Role of Risk Factors and Confounders

After defining the cases and controls, it is necessary to identify risk factors and potential confounders. The presence of risk factors, in either cases or controls, will be adjusted for in the statistical analysis in order to ultimately estimate the contribution from genetic factors. Family history may be used to further refine the phenotype, if desired.

Risk Factors for Prolapse

Given that the etiology of prolapse is likely multifactorial with a genetic component as well as environmental factors, which include health behaviors, medical conditions, and exposures, it is important to collect data on other risk factors and to think about potential exclusion criteria. The presence of risk factors, in either cases or controls, will be adjusted for in the statistical analysis in order to ultimately estimate the contribution from genetic factors. Data collection should include detailed information regarding obstetrics history, including parity; mode of deliveries (vaginal, cesarean and assisted vaginal deliveries), age at first delivery, infant birth weight, and perineal trauma; diseases associated with Valsalva maneuvers, such as emphysema/COPD or constipation; prior surgical history, including hysterectomy; prior anti-incontinence and prolapse procedures; medications, especially hormone replacement therapy and steroid use; smoking history; and body mass index.22 Another consideration is to collect additional markers for connective tissue issues such as joint hypermobility, varicose veins, rectal prolapse, and hernias.45 However, those with connective tissue disease, such as Ehlers-Danlos or Marfans syndrome, should be excluded as these subjects may have an inherently higher risk for prolapse.

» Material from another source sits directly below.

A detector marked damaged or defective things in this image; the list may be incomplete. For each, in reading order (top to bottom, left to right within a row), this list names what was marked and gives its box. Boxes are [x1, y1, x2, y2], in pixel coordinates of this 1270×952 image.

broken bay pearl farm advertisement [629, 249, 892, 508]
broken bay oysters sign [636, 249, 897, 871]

Family History as a Risk Factor

Previous studies examining the risk of pelvic organ prolapse in nulliparous and parous sister pairs have observed a concordance rate of prolapse suggesting a familial predisposition.23 Studies involving extended pedigrees using a population database have shown similar results with significantly increased relative risks in first and third degree relatives (RR= 4.15, p<0.001, RR=1.24, p=0.05, respectively) and increased average pairwise relatedness for all individuals with prolapse (p<0.001).46 Hence, having close and distant relatives with pelvic organ prolapse are known risk factors for the disease. Study of extended pedigrees with a significant excess of prolapse has multiple benefits including (1) affected relatives are more likely to share the same genetic risk factors than unrelated cases with prolapse, (2) a significant excess number of prolapse cases in a family results in a high probability that the cases are attributable to genetic effect(s), and (3) knowledge of pedigree structure increases power of the study as it can lead to a predictable correlation structure of the genetic risk. Selective sampling of prolapse cases based on family history of prolapse increases the likelihood that genetic effects will be detected in a study.

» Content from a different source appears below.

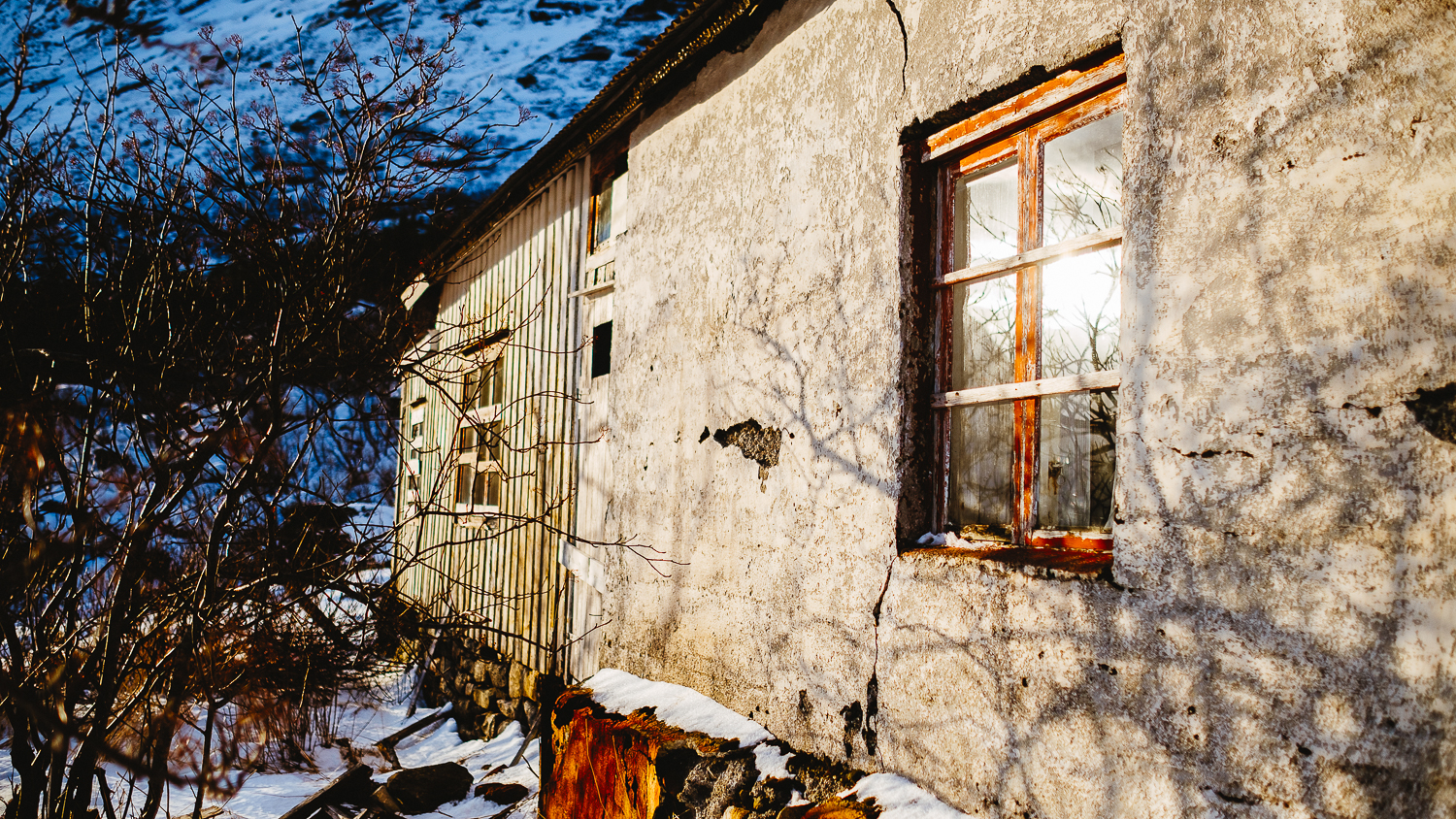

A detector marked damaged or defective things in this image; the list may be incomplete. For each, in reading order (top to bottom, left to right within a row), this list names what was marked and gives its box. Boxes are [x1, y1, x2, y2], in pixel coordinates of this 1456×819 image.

cracked wall [590, 0, 1456, 811]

Coexisting Pelvic Floor Disorders

Prolapse often coexists with other pelvic floor disorders, such as stress or urgency urinary incontinence. Currently, we do not know if stress incontinence and prolapse share the same casual pathway or if they are distinct genetic conditions. The incorporation of coexisting pelvic floor disorders becomes an important issue when defining cases and controls because if stress incontinence and prolapse share the same causal pathway, there is the potential to introduce misclassification bias if controls have stress incontinence even if they do not have prolapse. Thus, one recommendation is to collect additional data to define the phenotypes of stress and urge incontinence when conducting a genetic study of prolapse until we have more data regarding the etiologies of these conditions.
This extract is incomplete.